Also I can get and set the PHC using phc_ctl tool:

root@rpi-cm4:~# date
Fri Mar  9 13:03:13 UTC 2018

root@rpi-cm4:~# phc_ctl /dev/ptp0 get
[  174.782856] DEBUG: Passed ptp_clock_gettime 109
[  174.787636] DEBUG: Passed ptp_clock_gettime 114
[  174.792269] DEBUG: bcm54210pe_gettime 176
[  174.796722] DEBUG: Get time 4386 13124 21862 0 0
[  174.801471] DEBUG: Current PCH time 860116326.0
[  174.806145] DEBUG: Passed ptp_clock_adjtime 126
[  174.810797] DEBUG: Passed ptp_clock_gettime 109
[  174.815454] DEBUG: Passed ptp_clock_gettime 114
[  174.820073] DEBUG: bcm54210pe_gettime 176
[  174.824450] DEBUG: Get time 4386 13124 21862 0 0
[  174.829163] DEBUG: Current PCH time 860116326.0
phc_ctl[174.832]: clock time is 1234549248713053542.000000000 or (null)
root@rpi-cm4:~# phc_ctl /dev/ptp0 set
[  176.947297] DEBUG: Passed ptp_clock_gettime 109
[  176.951944] DEBUG: Passed ptp_clock_gettime 114
[  176.956614] DEBUG: bcm54210pe_gettime 176
[  176.961005] DEBUG: Get time 4386 13124 21862 0 0
[  176.965790] DEBUG: Current PCH time 860116326.0
[  176.970450] DEBUG: Passed ptp_clock_adjtime 126
[  176.975122] DEBUG: Passed ptp_clock_settime 98
[  176.979653] DEBUG: Original time 1520600486 102643396
[  176.984846] DEBUG: Set time 0 23202 34214 1552 14020
phc_ctl[176.988]: set clock time to 1520600486.102643396 or Fri Mar  9 13:01:26 2018

root@rpi-cm4:~# phc_ctl /dev/ptp0 get

[  179.635848] DEBUG: Passed ptp_clock_gettime 109
[  179.640502] DEBUG: Passed ptp_clock_gettime 114
[  179.645127] DEBUG: bcm54210pe_gettime 176
[  179.649521] DEBUG: Get time 0 23202 34214 1552 14020
[  179.654601] DEBUG: Current PCH time 1520600486.101725892
[  179.660022] DEBUG: Passed ptp_clock_adjtime 126
[  179.664650] DEBUG: Passed ptp_clock_gettime 109
[  179.669267] DEBUG: Passed ptp_clock_gettime 114
[  179.673883] DEBUG: bcm54210pe_gettime 176
[  179.678254] DEBUG: Get time 0 23202 34214 1552 14020
[  179.683331] DEBUG: Current PCH time 1520600486.101725892
phc_ctl[179.687]: clock time is 1520600486.101725892 or Fri Mar  9 13:01:26 2018

The current blocking point is that, despite reading and setting the PHC using phc_ctl set/get tool, this counter is not increasing its value, so it's not counting.

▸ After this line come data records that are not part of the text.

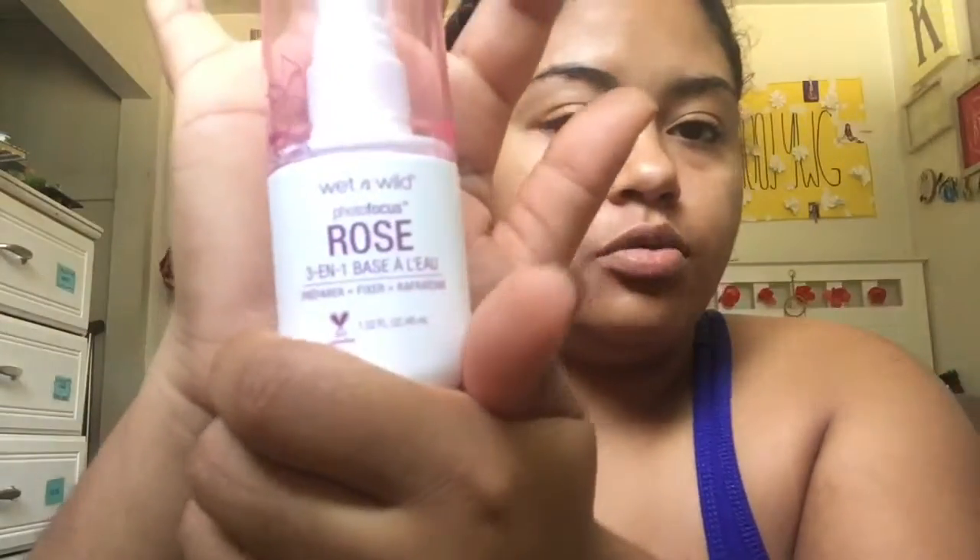It smells good, slightly like bubblegum. I feel like this just rehydrates my face after that other primer. I'm a little broken out, so when I break out I feel like I look really dry, so I like to put on a lot of primer before doing makeup. And then after that I like to go in with the rose spray.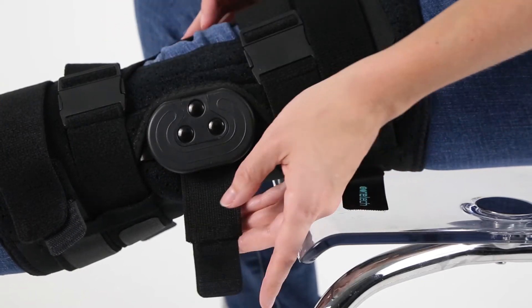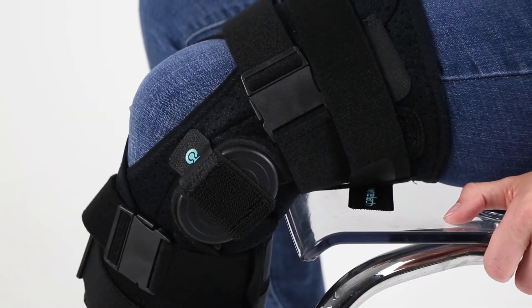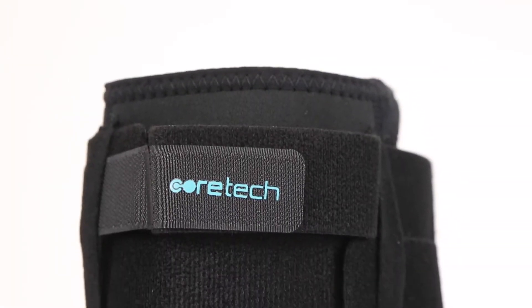This knee brace is the ultimate injury recovery brace, providing medial as well as lateral support, a hinge angle immobilization selector, above and below knee support straps, and mid compression.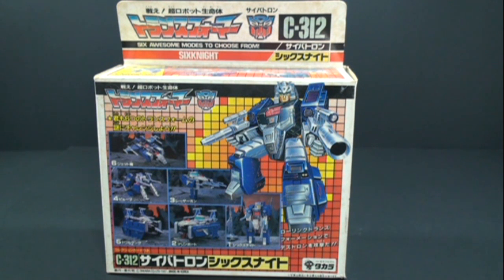How's it going everyone? Today we're going to be taking a look at another Transformer Multi-Changer figure. This is Sixknight, ID number C312. He came out in 1987. He is featured in the Super God Master Force series. Great character.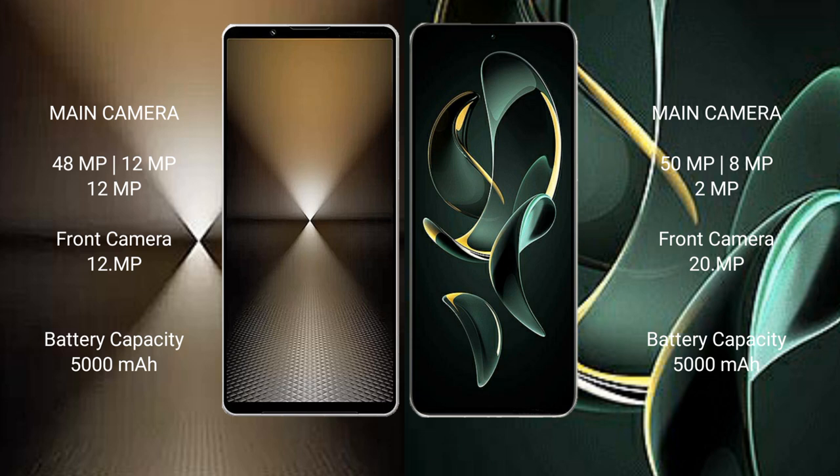Sony Xperia 1 Mark 6 has a 5000mAh battery with 30W fast charging support. Redmi K60 Ultra also has a 5000mAh battery but supports 120W fast charging.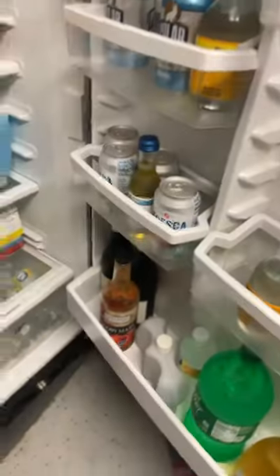Part five of restocking my mini fridge. All right, let's go get the Fresca. Found it. Let's just bring out all of them.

Has any of the contributors in here got a contact in Broadcom in order to know whats happening with the register configuration? I've checked several times and I think it's correct. I cannot get any more ideas from the datasheet.

In parallel, I'm currently developing the time stamping routines in order to get the info from the Broadcom internal FIFO. I think I will have the first draft maybe during next week.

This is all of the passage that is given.